Western Mosquitofish was firstly introduced to Chinese Taiwan in 1911, and then to the Chinese mainland (Shanghai) in 1924. From the 1950s, western Mosquitofish was introduced to almost all of China (the Pearl River basin, Yangtze River basin, and Yellow River basin) for mosquito control (East China Sea Fisheries Research Institute, 1990). Established populations of western Mosquitofish have been discovered in many waterbodies in the south of China (Liu et al., 2017; Cheng et al., 2018; Xiong et al., 2018a; b; c; 2019). Recently, an increasing number of investigations show that the western Mosquitofish has expanded further north and established feral populations in the middle reach of the Yangtze River (Cheng et al., 2018). The climate in the middle reach of the Yangtze River is not expected to support Mosquitofish because of the low winter temperatures. Diverse aquatic macrophyte species in this region, with distinct morphological characteristics and life strategies (Fang et al., 2006), may create enough suitable habitats to facilitate the invasion of western Mosquitofish. However, few studies have investigated habitat selection by western Mosquitofish in invaded ecosystems, which could be a key factor underlying their successful invasion (Pyke, 2005; 2008).

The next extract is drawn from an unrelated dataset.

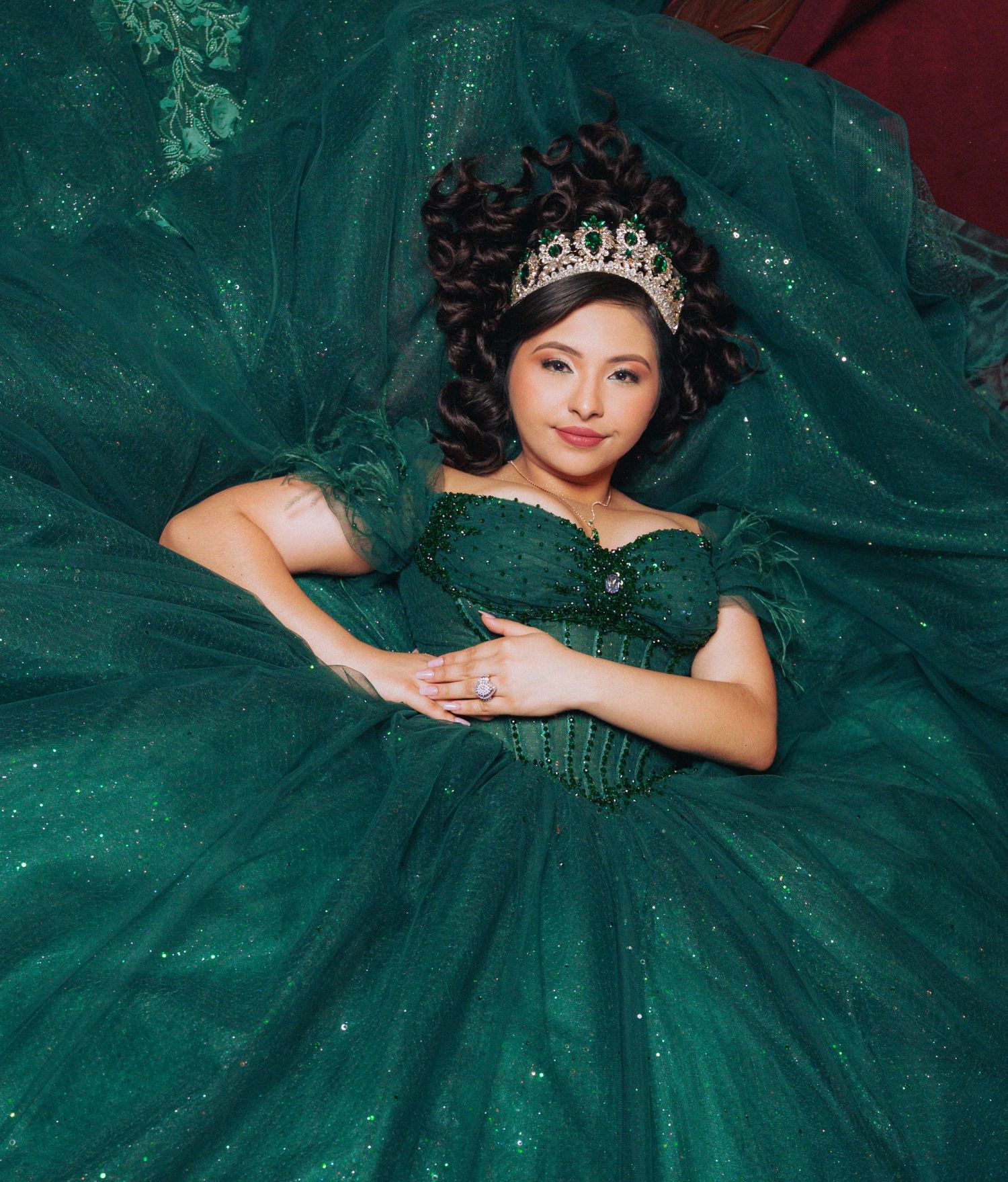 Sparkling emerald green ballgown with intricate beadwork and full tulle skirt.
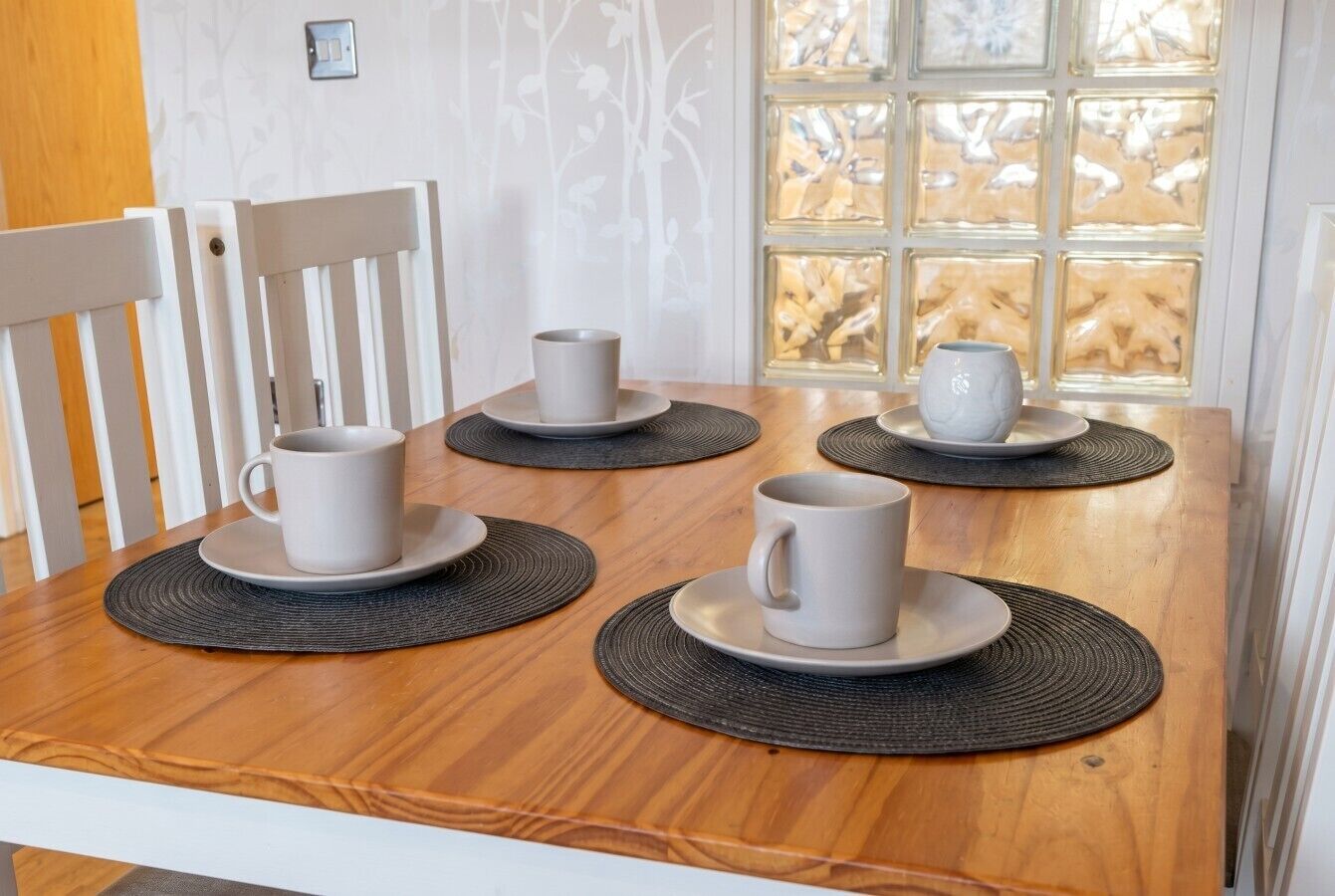 A wooden dining table with four white cups and saucers, black placemats, and white chairs.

In this study, we investigated the habitat selection by western Mosquitofish in a typical wetland of the central Yangtze River during the reproductive and non-reproductive seasons. Two basic questions were proposed: 1) what habitats does the western Mosquitofish prefers to occupy? 2) Is there any seasonal variation of habitat selection by western Mosquitofish? Answering these two questions could contribute to western Mosquitofish management and eradication in this area, as well as prevent further spread.
Materials and methods
The study was conducted at the Xixianling wetland (30°28′29.2″N, 114°22′40.96″E), which is on the south bank of the middle reach of the Yangtze River, Hubei Province, China. The Xixianling wetland, which connected the Yangtze River all year, is a representative wetland in the middle of the Mosquitofish distribution in the Yangtze River. Some small fish species (such as Oryzias latipes, Rhinogobius giurinus, Rhodeus ocellatus, Pseudorasbora parva, Hemiculter leucisculus, Hypseleotris swinhonis) were found in area of the Xixianling wetland (Xiong et al., 2015b; Cheng et al., 2018). The total area of Xixianling wetland is about 0.7 square km, with a mean depth of 0.5 m (range0.2-0.8m). Based on the composition of the dominant macrophytes, the shoreline of the wetland was divided into four habitats: Alternanthera philoxeroides habitat (AP habitat), Typha angustifolia habitat (TA habitat), Paspalum distichum habitat (PD habitat) and no vegetation habitat (NV habitat). Each macrophyte species has a unique life strategy and architecture, representing a distinct habitat type. The four different vegetation types (AP, TA, PD, and NV) have divided the shoreline of Xixianling wetlands into small patches called plaques. The size of each plaque varied from several square meters to hundreds of square meters. A. philoxeroides is a non-native perennial herb, rooted along banks or shallow water and extends hollow stems over the water surface to form mats. In summer and autumn (reproductive season for western Mosquitofish), mats of A. philoxeroides continue to develop to a thicknesses of 10-30cm. Mats of A. philoxeroides were maintained throughout the whole winter (non-reproductive season for western Mosquitofish), but the thicknesses of mats decrease to 5-15cm and no living leaves or roots were observed on the stems. P. distichum is a native perennial grass that forms mats like A. philoxeroides in summer and autumn, but the mats disappear when the emergent part dies in winter. T. angustifolia is a rooted emergent evergreen plant, with simple structure.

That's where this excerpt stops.